Où avez-vous vécu pendant toutes ces années ?
Partout.
Elle regarda les garçons.
Je voulais qu’ils soient en sécurité.
Pourquoi reviens-tu maintenant ?
Evelyn sortit une enveloppe de son sac.
Parce que je ne peux plus courir.
Elle me l’a donné.
Mon nom y figurait.
Mon nom complet.
Je l’ai ouvert.
À l’intérieur se trouvait un document légal.
J’ai lu les premières lignes.
« Moi, Marcus Vance, autorise Eleanor Vance à agir en mon nom… »
Je me suis arrêté.
Voici ma signature.
Evelyn acquiesça.
‘Oui.’
Mais je n’ai jamais signé ça.
Je sais que.
J’ai feuilleté les pages.
Ce document donnait à Eleanor le contrôle de divers trusts familiaux et comptes bancaires.
Mais il y avait autre chose.
Une clause concernant mes futurs héritiers.

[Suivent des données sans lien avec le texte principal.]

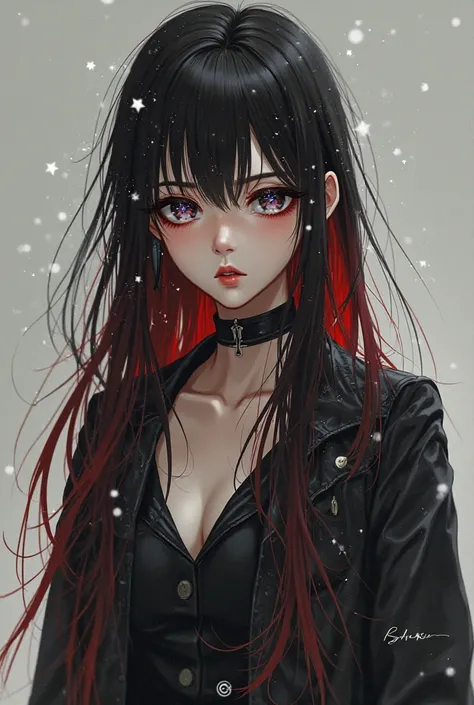 A girl with long red hair that looks like blood and black eyes inside her are shining white stars and her hair is tied on both sides wearing wide pants and an anime jacket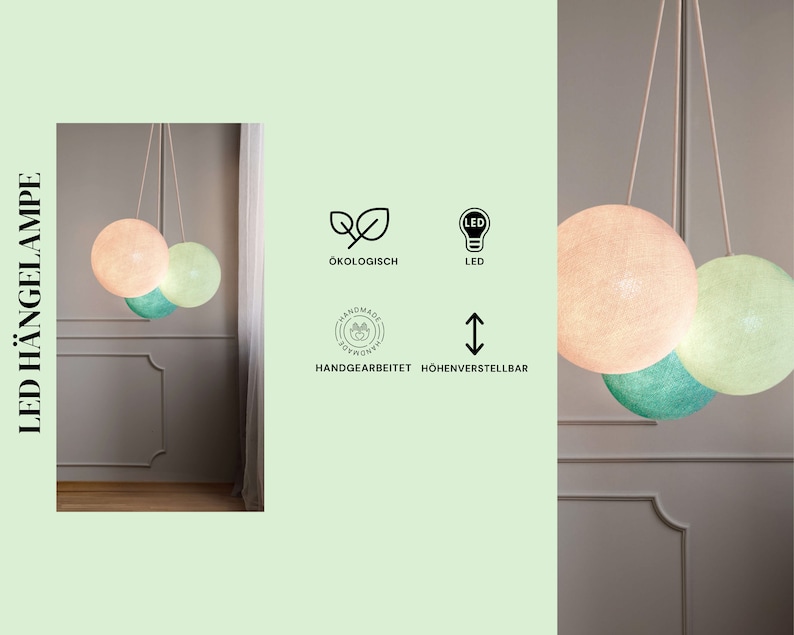 May include: Three round, hanging LED light fixtures made of cotton fabric. The lights are in shades of pink, green, and light blue. The lights are labeled as "LED H&auml;ngelampe", "&Ouml;kologisch", "Handmade", "LED", and "H&ouml;henverstellbar".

Si Marcus Vance a des enfants hors mariage (hors union officielle), ces enfants seront exclus de l’héritage familial.
Mes mains se sont mises à trembler.
Elle a préparé ça.
Bien avant la naissance des garçons.
‘Pourquoi?’
Evelyn désigna la dernière page.
Il y avait un nom.
Pas celui d’Eleanor.
Le nom de mon directeur financier.
Il travaillait avec elle.
J’ai senti mon estomac se nouer.
Ma plus grosse transaction commerciale de la matinée.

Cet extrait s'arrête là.